The Canadian banking system continues to rank at the top of the world thanks to the continuous effort to improve our quality control practices. As evident during the 2008 Sub-Prime Mortgage Crisis, Canada was one of the few countries that withstood the Great Recession.

One approach to improve quality control practices is by analyzing the quality of a Bank's business portfolio for each individual business line. For example, a Bank's core business line could be providing construction loan products, and based on the rationale behind each deal for the approval and denial of construction loans, we can also determine the topics in each decision from the rationales. By determining the topics in each decision, we can then perform quality control to ensure all the decisions that were made are in accordance to the Bank's risk appetite and pricing.

With this approach, Banks can improve the quality of their construction loan business from their own decision making standards, and thus improving the overall quality of their business.

However, in order to get this information, the Bank needs to extract topics from hundreds and thousands of data, and then interpret the topics before determining if the decisions that were made meets the Bank's decision making standards, all of which can take a lot of time and resources to complete.

Business Solutions:

To solve this issue, I have created a "Quality Control System" that learns and extracts topics from a Bank's rationale for decision making.
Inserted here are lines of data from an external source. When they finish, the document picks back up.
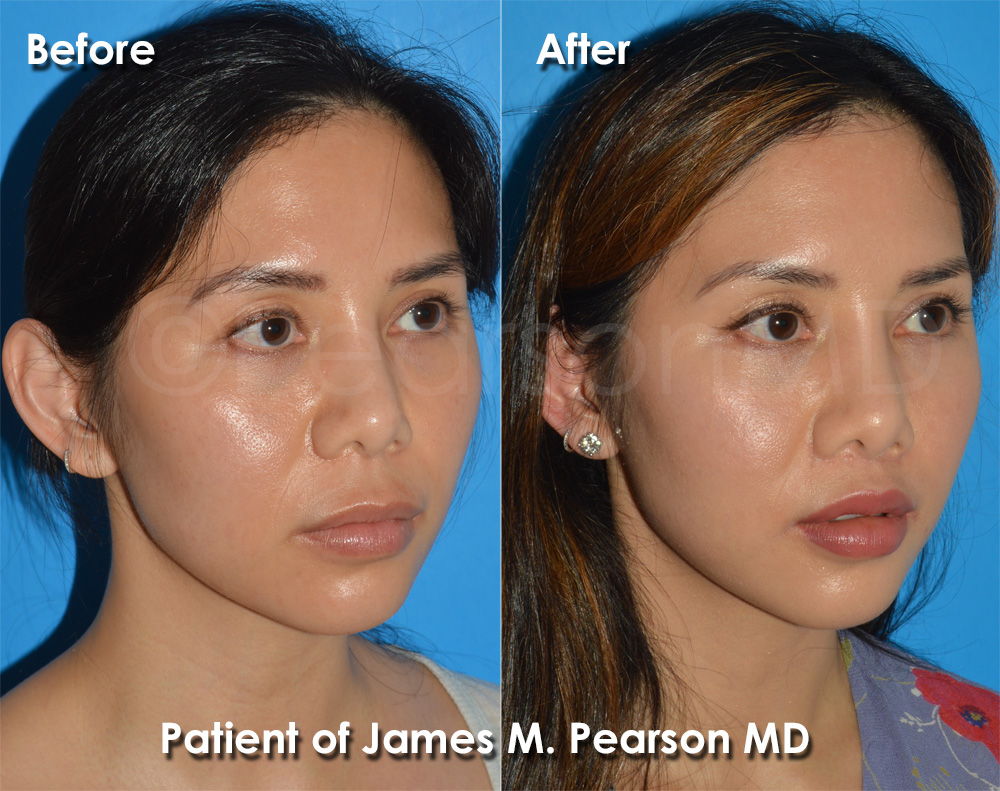 Dr. Pearson Cosmetic Surgery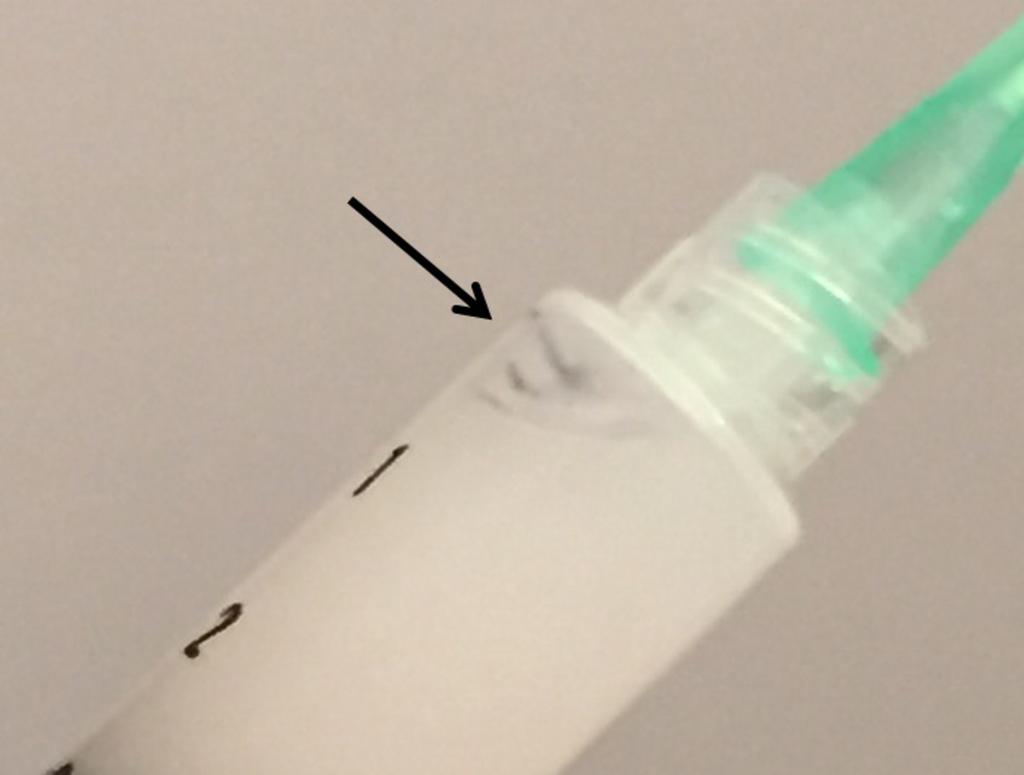 Fig. 8: Syringe containing foci of calcification (arrow) within a cloudy fluid following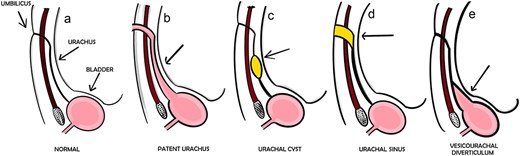 Types of urachal malformations.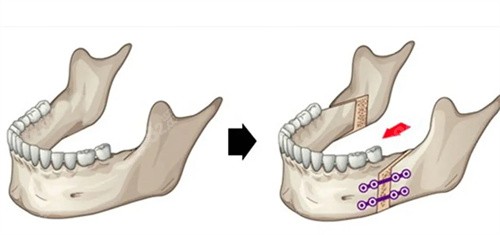正颌手术示意图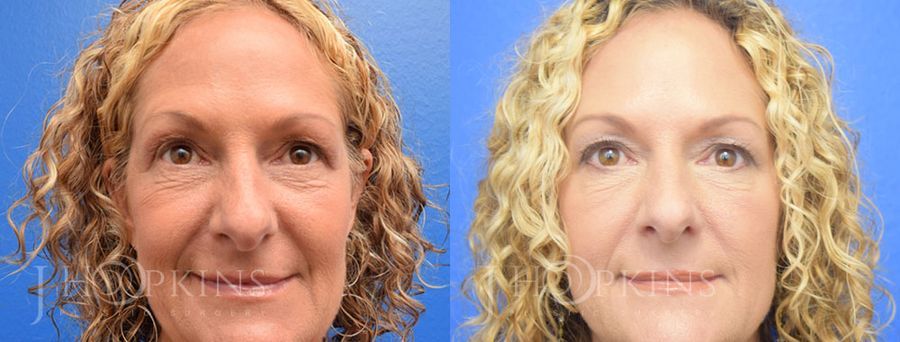 BOTOX Cosmetic - Thumbnail 2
This can then be used as quality control to determine if the decisions that were made are in accordance to the Bank's standards.

We will perform an unsupervised learning algorithm in Topic Modeling, which uses Latent Dirichlet Allocation (LDA) Model, and LDA Mallet (Machine Learning Language Toolkit) Model, on an entire department's decision making rationales.

We will also determine the dominant topic associated to each rationale, as well as determining the rationales for each dominant topics in order to perform quality control analysis.

Note: Although we were given permission to showcase this project, however, we will not showcase any relevant information from the actual dataset for privacy protection.

Benefits:

Efficiently determine the main topics of rationale texts in a large dataset
Improve the quality control of decisions based on the topics that were extracted
Conveniently determine the topics of each rationale
Extract detailed information by determining the most relevant rationales for each topic

Robustness:

To ensure the model performs well, I will take the following steps:

Run the LDA Model and the LDA Mallet Model to compare the performances of each model
Run the LDA Mallet Model and optimize the number of topics in the rationales by choosing the optimal model with highest performance

Note that the main different between LDA Model vs. LDA Mallet Model is that, LDA Model uses Variational Bayes method, which is faster, but less precise than LDA Mallet Model which uses Gibbs Sampling.

Assumption:

We are using data with a sample size of 511, and assuming that this dataset is sufficient to capture the topics in the rationale
We're also assuming that the results in this model is applicable in the same way if we were to train an entire population of the rationale dataset with the exception of few parameter tweaks

Future:

This model is an innovative way to determine key topics embedded in large quantity of texts, and then apply it in a business context to improve a Bank's quality control practices for different business lines. However, since we did not fully showcase all the visualizations and outputs for privacy protection, please refer to "Employer Reviews using Topic Modeling" for more detail.

2 Data Overview¶

In [1]:

import pandas as pd
csv = ("audit_rating_banking.csv")
df = pd.read_csv(csv, encoding='latin1') # Solves enocding issue when importing csv
df.head(0)

Out[1]:

	Underwriter	Deal Number	Decision	Deal Notes

After importing the data, we see that the "Deal Notes" column is where the rationales are for each deal. This is the column that we are going to use for extracting topics.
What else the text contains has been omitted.